1. I generally don't know which track I'm getting ahead of time, be it
audio or subtitle, and if it's audio, whether it's English, Japanese,
or something else... and while the video stream is usually track 0,
this isn't universal, a given set of mkvs isn't guaranteed to have the
same track ordering, and since the script loops over every immediate
subdirectory, even if all of the mkvs within a given directory are
uniform, uniformity across directories is unlikely, and there's no
easy way to omit directories where I got what I wanted extracting
track 1 when I do a run to extract track 2.

2. the new files retain the .mkv of the original file's filename, so I
end up with a bunch of .mkv1.ac3, .mkv2.ac3, etc. files.
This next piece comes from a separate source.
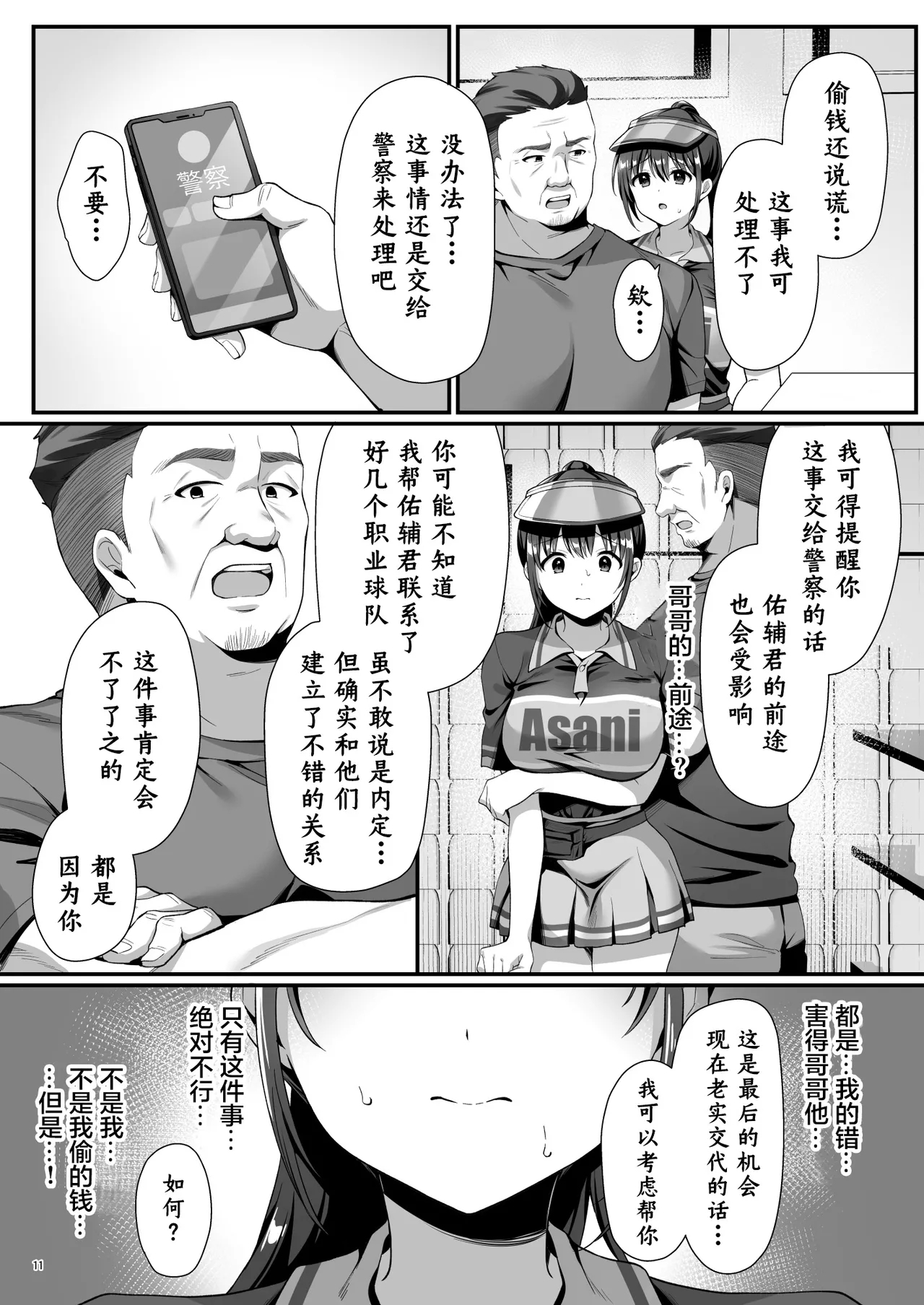 我没有偷！ - Page 14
Also, since
the output is saved in the same place as the source, I often have to
manually separate the extracted audio from the original files.
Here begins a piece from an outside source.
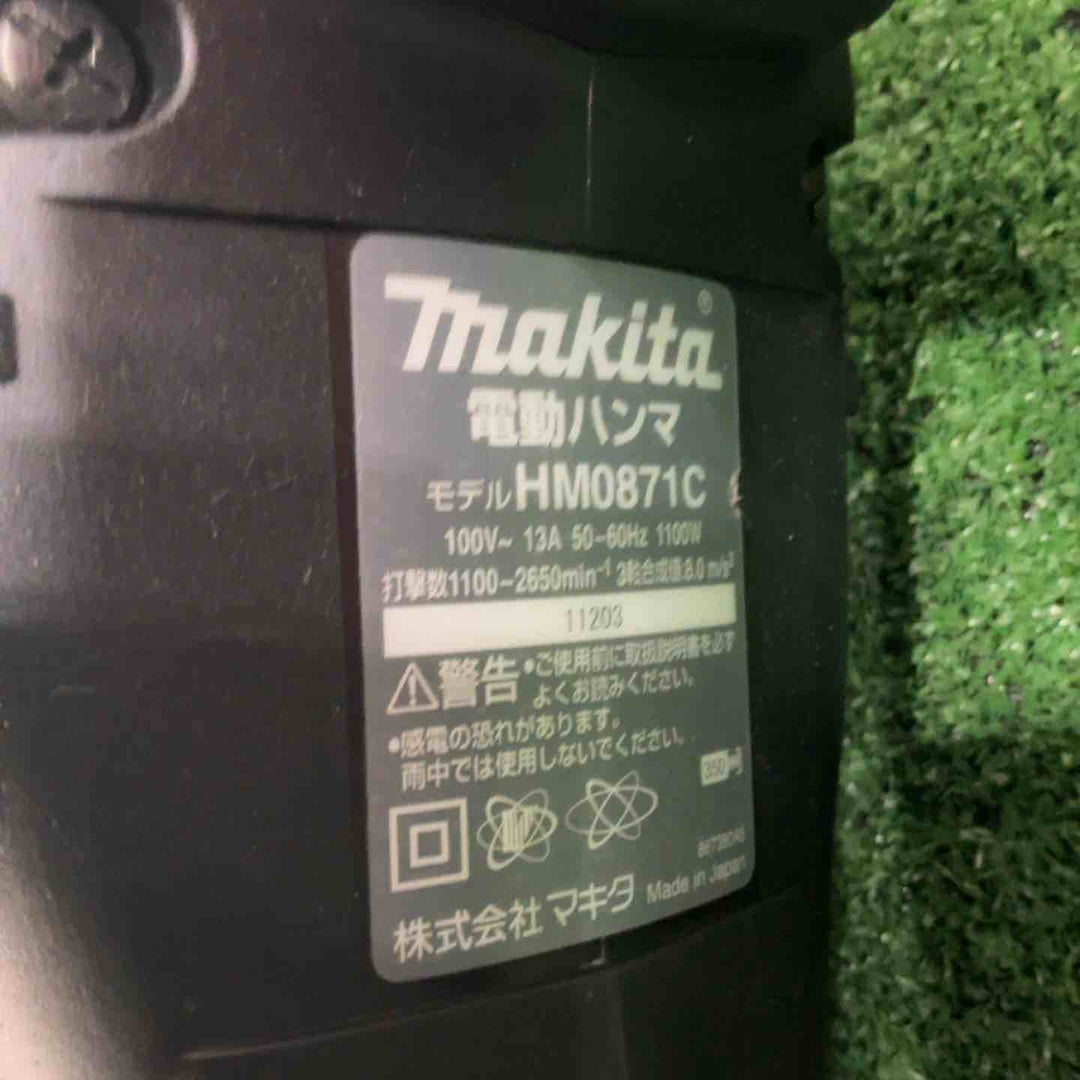 ★マキタ(makita) 電動ハンマ HM0871C【川口店】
3. The script assumes the extracted audio is AC3, and while that seems
to be the most popular codec for storing the audio streams in .mkv
files, it's not universal.

Improvements I would like to make but am not sure how to do so:

1. instead of extracting a specific track number, it would be nice if
I could extract English audio regardless of which track its stored in.
Bonus if I could get all English audio tracks in the event of files
containing an English language commentary.

2. Instead of looping through all subdirectories in the working
directory, looping through a set specified at the command line,
perhaps with the empty set treated like *.
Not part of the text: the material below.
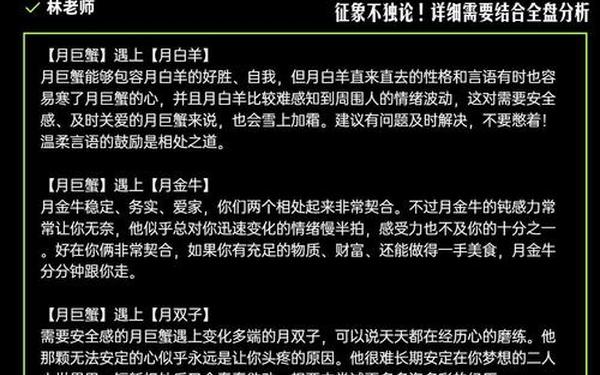 巨蟹座是几月份到几份-巨蟹座在爱情中的特点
3. remove the .mkv from the original filename before appending the new
extension.

4. Actually giving the output files the appropriate extension.

5. Instead of saving the output files to SourceDirectory, saving them
to sourceDirectoryAudio or something similar.

6. This would just be Gravy, but if anyone knows a way to either
convert subtitle files to human readable plain text(e.g. stripping out
the metadata, timestamps, and formatting) or having a TTS generate a
audio file of the subtitles using the subtitle timing, either having
the script extract and process English subtitles would be nice... if
the script could be made to do this if and only if there isn't an
English audio track would be amazing... but extracting audio is my
primary concern, being able to do something useful with subs when no
English audio exists is lower priority...

I think the basename command I use in my uncompress script to create a
separate folder for each extracted file might be of some help on
getting rid of the .mkv in the ouput filenames, but I'm not sure...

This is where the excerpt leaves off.